The third step is to expand the matched set. For an unmatched adjacent node B of node A in the template matching set, we add the edge between node B and the matched nodes in the template graph to the "template subgraph". Then, we find the corresponding node α of node A in the large graph through the mapping table, traverse some unmatched adjacent node β of node α, and add the edge between the node β and the matched nodes in the large graph into the "large graph subgraph". By comparing the current "template subgraph" and "large graph subgraph", we can judge whether node β can be used as the matching node of node B. If possible, node β is added to the set of possible matching nodes of node B; if it is impossible and node β is already in the set of possible matching nodes of node B, then β is deleted and β is no longer added to the set of possible matching nodes of node B.

Step 4, repeat step 3 to traverse all adjacent nodes of all nodes in the "template subgraph". In this way, we have completed a node expansion.

Step 5, if all the nodes in the template graph are not matched, jump to step 3; otherwise, exit directly.

The final matching subgraph is as follows:

4 Based on your answers to the question above, identify the group of people that you think is responsible for the outage. What is your rationale? Please limit your response to 5 images and 300 words.

According to the exploration results of questions 3, we think the people who casued the outage are:

584811,572500,615605,638752,570284,643925,649553,604223,594766,546999,636990,581406,519424,551810,593266,570847,595104

We used our visual analysis system to compare the subgraph of large graph with the template graph, and we could easily found that they are similar in graph structure, activity time and activity space. (Note: the order of nodes in the y axies of activity time chart is not exactly the same as their matching node in the template graph, so the activity time chart may looks not very similar, but if the order is adjusted, it is exactly the same. We are sorry for having no time to modify the code due to time)

5 What was the greatest challenge you had when working with the large graph data? How did you overcome that difficulty? What could make it easier to work with this kind of data?

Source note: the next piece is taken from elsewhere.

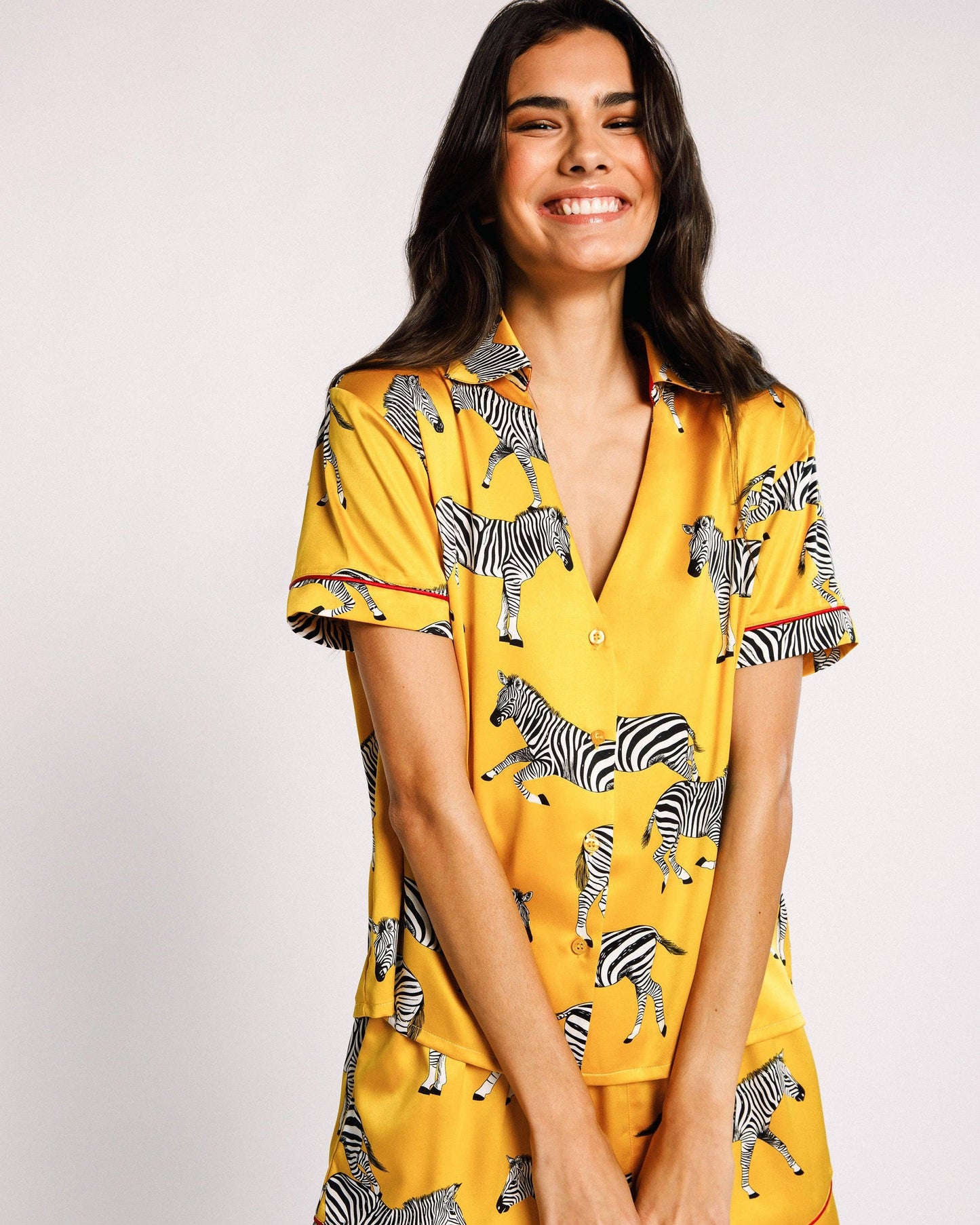 Satin Mustard Zebra Print Short Pyjama Set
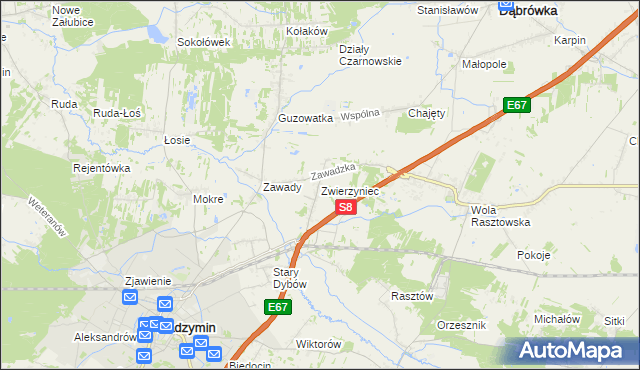 mapa Zwierzyniec gmina Radzymin, Zwierzyniec gmina Radzymin na mapie Targeo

Due to the large number of edges in the large graph, it cannot be drawn directly because no personal computer has enough performance to handle this kind of work. Even if this picture can be drawn on a very high-configuration computer, the screen cannot display the results effectively, and only a large number of overlaps will appear, which is confusing. In this case, it is impossible to match template graph through direct rendering and interaction. In order to solve the problem, we started from the data itself. The biggest challenge in dealing with such large-scale graph data is that there are too many edges and nodes in the graph, which makes data query become a very difficult problem. Directly operating on the original CSV file makes the query time unacceptable. It is a feasible solution to put all the data in memory and establish a hash table index for the nodes to improve efficiency, but this requires higher memory and cannot be implemented on a common configuration machine. And matching template graph from such large-scale graph is a very difficult task. Using a simple search method to match will make the time complexity unacceptable. For the problem of excessively large data size and high requirements for retrieval efficiency, we use a database for storage and use SQL for retrieval. By indexing key keys, the retrieval efficiency is improved, and this approach is convenient for the front end invoking. For the problem of matching difficulty caused by the large size of the graph, we manually analyze the features of the template graph to find out the rules and characteristics, and determine the initial matching nodes with obvious features, narrow the matching range, and then by the summarized rules with the features of the edges in the template graph to match the full graph from these initial matching nodes. In the fourth question we summarized a set of matching methods. Thanks to the Pandas CSV processing library, efficient database and SQL, which makes it easier for us to process these data.